# Hush Puppy Recipe Needed



## concan (Aug 10, 2009)

Gonna do a big fish/shrimp fry Good Friday. Need a proven hush puppy recipe. 
Thanks


----------



## greenhornet (Apr 21, 2010)

The frozen ones in the fish section at HEB are pretty good, spend more time on fish and shrimp maybe....mostly clear bag with a white lable can't recall the name on 'em


----------



## Saltwater Boy(1) (Jan 11, 2013)

Jalepeno ones are good too!


----------



## Charlie2 (Aug 21, 2004)

*Hush Puppies*

Tony Catchere(cs) has a good recipe if you want to make them from scratch. It's almost like mine! He's online!

There are some good mixes as well; as the poster suggests, you can buy the frozen ones.

The people won't really know the difference. Good fish takes their mind off the hushpuppies.

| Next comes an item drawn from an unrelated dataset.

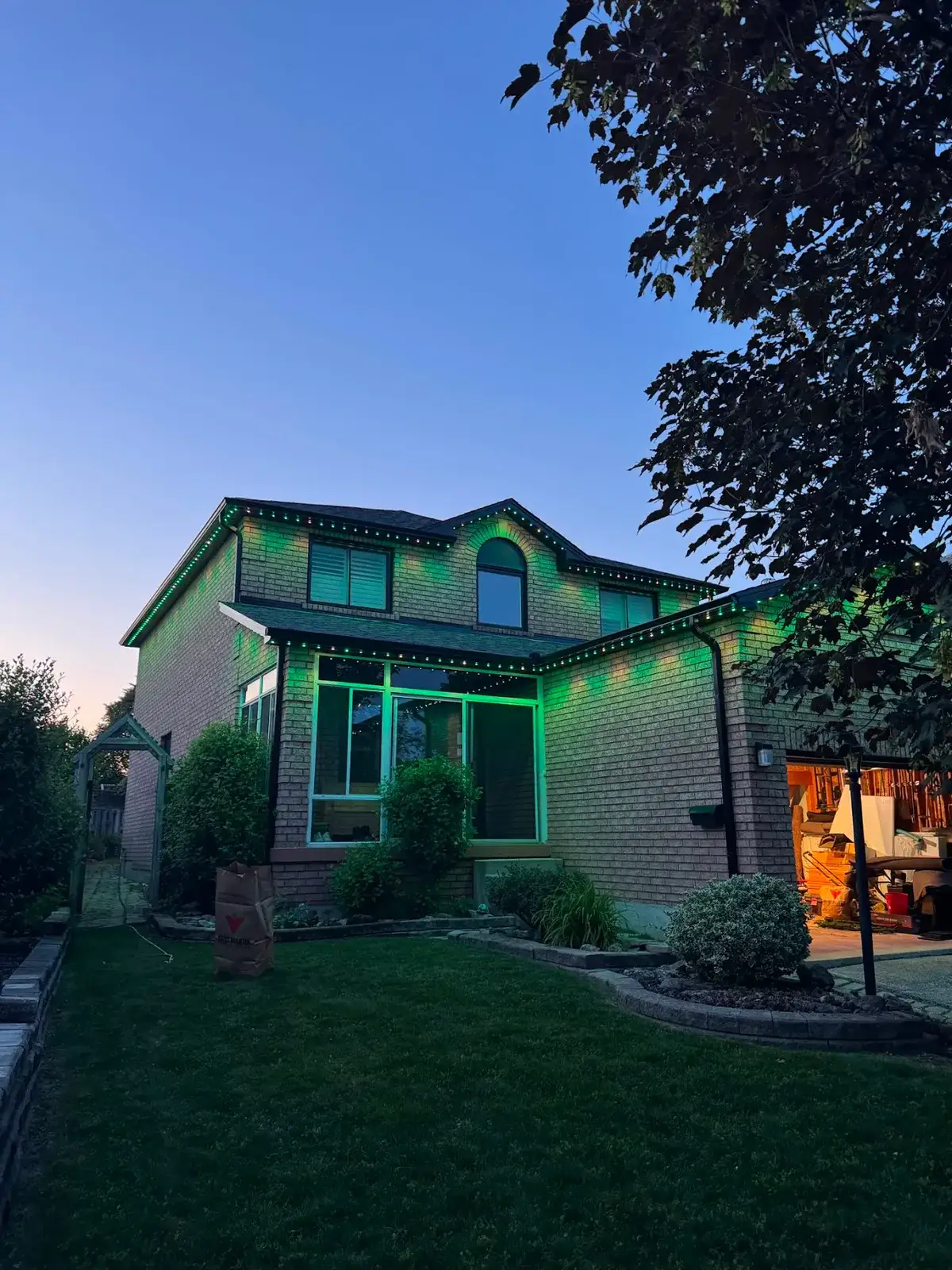 GTA home backyard with permanent outdoor LED lighting in green along the roofline at dusk installed by Toronto Glow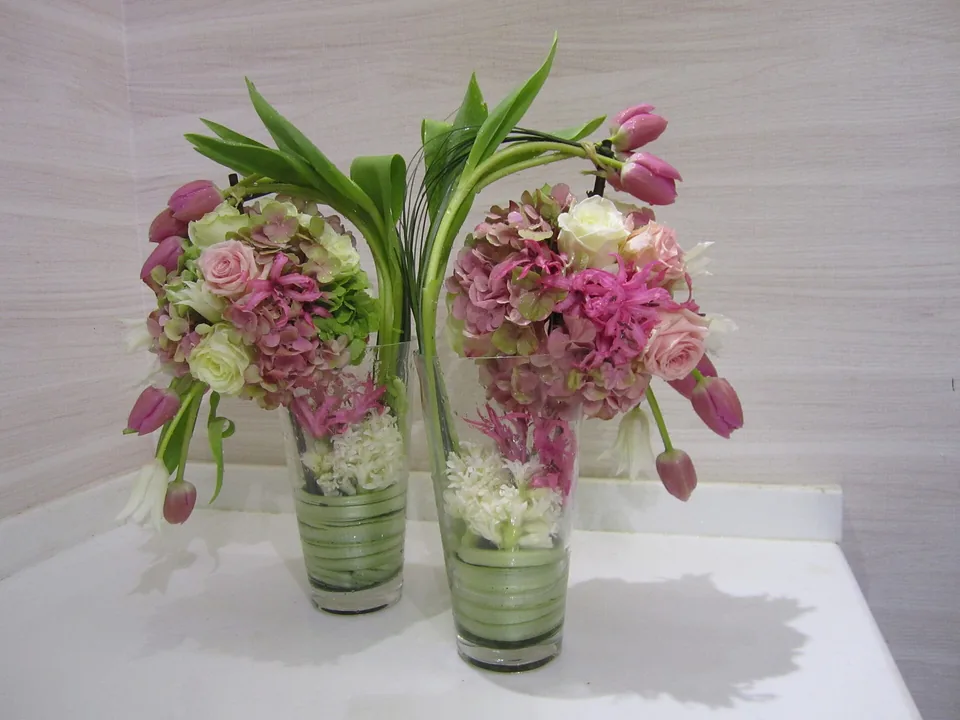 Dos arreglos de hortensias y tulipanes en vasos de cristal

BTW; jalapenos sounds good! C2


----------



## waterwolf (Mar 6, 2005)

Martha Whites hushpuppy mix ,same type of bag corn bread mix comes in...,add a little corn and chopped green onions..taste great..very light.


----------



## redfish494 (Oct 30, 2005)

According to how many. Self rising corn meal to that add 1/3 as much self rising flour. Red pepper to taste, cajon shake, garlic power, salt, black pepper, two eggs, and, chopped onion. You can use either milk or beer. Stir in liquid until the mixture is not runny or too thick. You want it to slowly roll off the spoon. If you are frying fish and fries, while the fries are cooking turn down the heat. Use a big spoon to drop mixture into the grease. They will turn over as they get done when they turn don't let them cook too long.


----------



## slimeyreel (Mar 15, 2011)

*hush*

I use the stuff in the box but add a handfull of chopped jalapenos and a handfull of corn.


----------



## Red3Fish (Jun 4, 2004)

I just make 1/2 a recipe of regular cornbread, and then like Redfish above add in what I like.....sometime whole garlic, garlic salt, and the other stuff he mentioned...maybe paprika, maybe jalapenos....heck, experimenting is half the fun! BUT.....frying in the grease you fry the fish in adds a lot of flavor. Sometimes I take cooked fish, flake it up and add to hushpuppies.

Later
R3F


----------



## Blue.dog (May 8, 2005)

Waterwolf posted last year in this thread to use Martha White's mix. I tried it last night:

Martha White
Hush Puppy Mix with Onion Flavor.

I diced 1/2 an onion and added to the mix
I diced 5 shallot onion with green stems and added to the mix.
Used 1/2 can of Cream Corn.
Used 2/3 cup of milk instead of the 3/4 cup called for in the recipe, because of the liquid in the cream Corn.
Sprinkled Lowry's Season Salt on to the mix.

The best hush puppies that I have had in many years. Very light and fluffy. Delicious along with the fried fish and French Fries.

Just thought I would share.
B.D


----------



## trout250 (Aug 24, 2005)

if you can buy from resturant epot thiers are good, they have 2 different kind a regular and one with japlenos


----------